Machine learning is a process of building models that learn from data. It has a set of algorithms that is applied with data. However traditional approach can also solve problems with a minimal set of variables by applying explicit rules. But, it gets complicated when the number of variables increases. Machine learning models, although of how they are represented visually, are mathematical functions and can consequently be implemented from scratch using a numerical software package.

Figure 1: Different types of machine learning

Machine learning persists to become more available, and one interesting development is the availability of machine learning models. Data is at the essence of any machine learning problem. Data is used for the training, validation, and testing of models. Performance reports of the machine learning model need to be calculated on the independent test data, rather than the training or validation tests. It is also noted that the data be split in such a way that all three datasets like training, test, validation have related statistical characteristics.

The first step in a standard machine learning workflow is training — the method of passing training data to a model so that it can learn to identify patterns. After training, the subsequent step in the process is testing how the model performs on data outside of the training set. This is recognized as model evaluation. It might run training and evaluation multiple times, delivering additional feature engineering and tweaking model architecture. Once the model’s performance is good during evaluation, the model is served so that others can access it to make predictions.

Figure 2: Machine learning model development process

As a data scientist, it is important to translate the product team’s needs into the circumstances of a model by saying false negatives are five times more costly than false positives. Hence, it should be optimized for recall over precision to satisfy this when designing a model. It is also important to find a balance between the product team’s goal of optimizing for precision and the goal of minimizing the model’s loss.

Tools for the Data and Model

Various products are available that provide tooling for solving data and machine learning problems. Below are a few tools:

BigQuery

It is an enterprise data warehouse designed for analyzing large datasets quickly with SQL. Data in BigQuery is organized by Datasets, and a Dataset can have multiple Tables.

Figure: Big Query

BigQuery ML

BigQuery ML is a tool for building models from data stored in BigQuery. With BigQuery ML, we can train, evaluate, and generate predictions on our models using SQL. It supports classification and regression models, along with unsupervised clustering models. It’s also possible to import previously trained TensorFlow models to BigQuery ML for prediction.

Figure: Big Query ML

Challenges in Machine Learning

The process of building ML systems offers many different challenges that influence ML architecture design. Identification of these challenges can be eliminated.

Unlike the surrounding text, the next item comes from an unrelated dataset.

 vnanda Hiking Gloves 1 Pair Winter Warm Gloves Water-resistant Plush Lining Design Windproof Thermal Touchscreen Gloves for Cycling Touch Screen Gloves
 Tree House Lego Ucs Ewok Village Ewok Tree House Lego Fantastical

Below are a few important challenges in machine learning:

Data Quality

Machine learning models are only reliable if it is trained and generalized. It should neither be overfitted nor under-fitted. Data is a very important factor for the reliability of any model. If a model is trained on a deficient dataset, on data with badly selected features, or on data that doesn’t accurately interpret the population using the model, the model’s predictions will be a direct imputation of that data. Data should have quality and its quality should be based on accuracy, completeness, consistency, and timeliness.

Data Accuracy

Data accuracy belongs to both training data’s features and important truth labels agreeing with those features. If a machine learning model is trained on a deficient dataset, on data with inadequately selected features, or on data that doesn’t accurately represent the population using the model, the model’s predictions will be a direct reflection of that data. So, the model will either be overfitted or underfit.

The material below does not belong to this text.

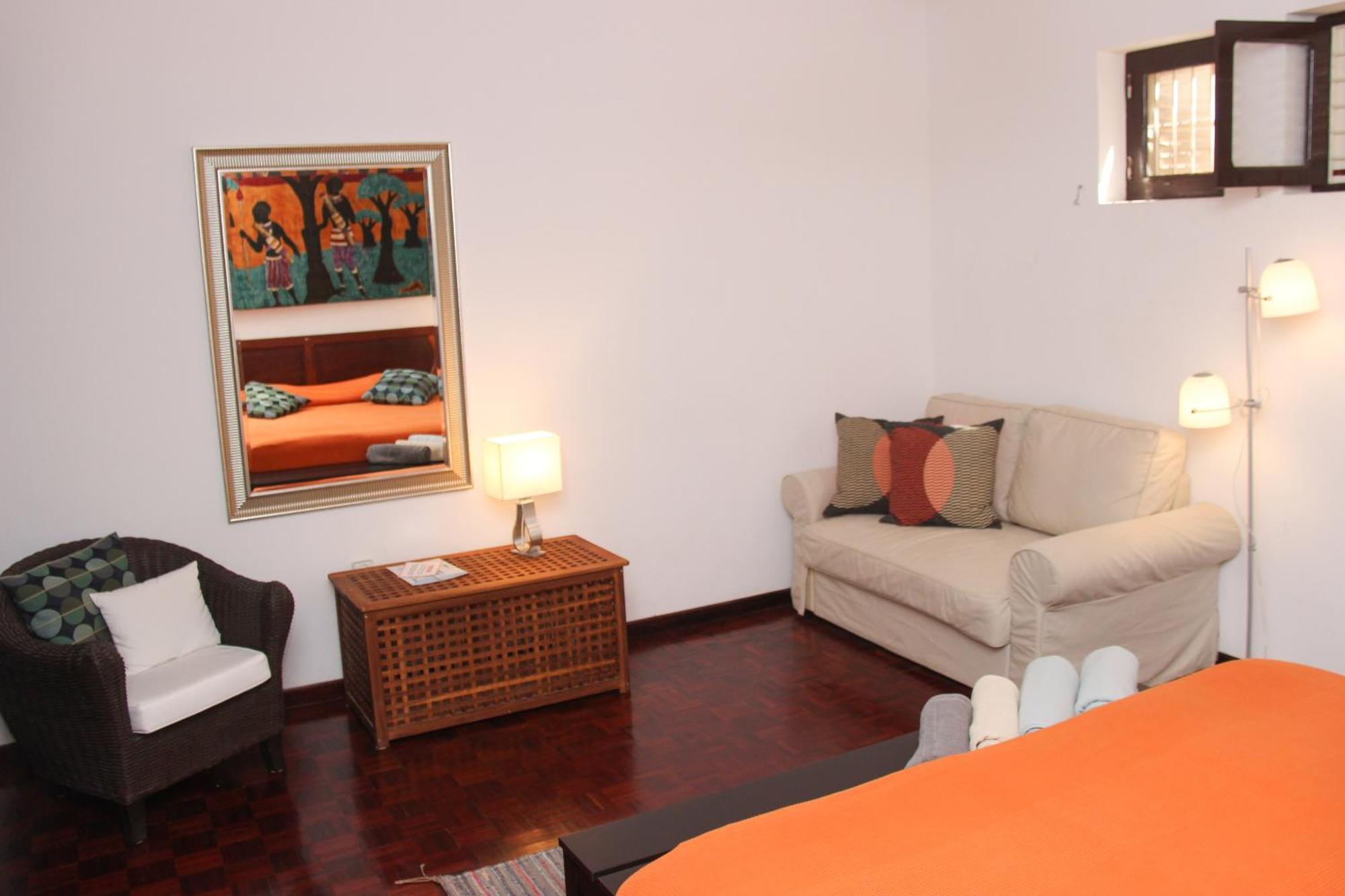Vila Mira Mar Mindelo Exterior foto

Figure 3: Underfitting and overfitting

Duplicates in the training dataset, for example, can cause the ML model to inaccurately assign more weight to these data points.

Operations to perform to maintain data quality:

  • Understanding where data came from and any potential errors in the data collection steps can help assure feature accuracy.
  • Analysis screen for typos.
  • Identification of duplicate entries.
  • Measurement of inconsistencies in tabular data.
  • Analysis missing features.
  • Identification of any other errors that may affect data quality.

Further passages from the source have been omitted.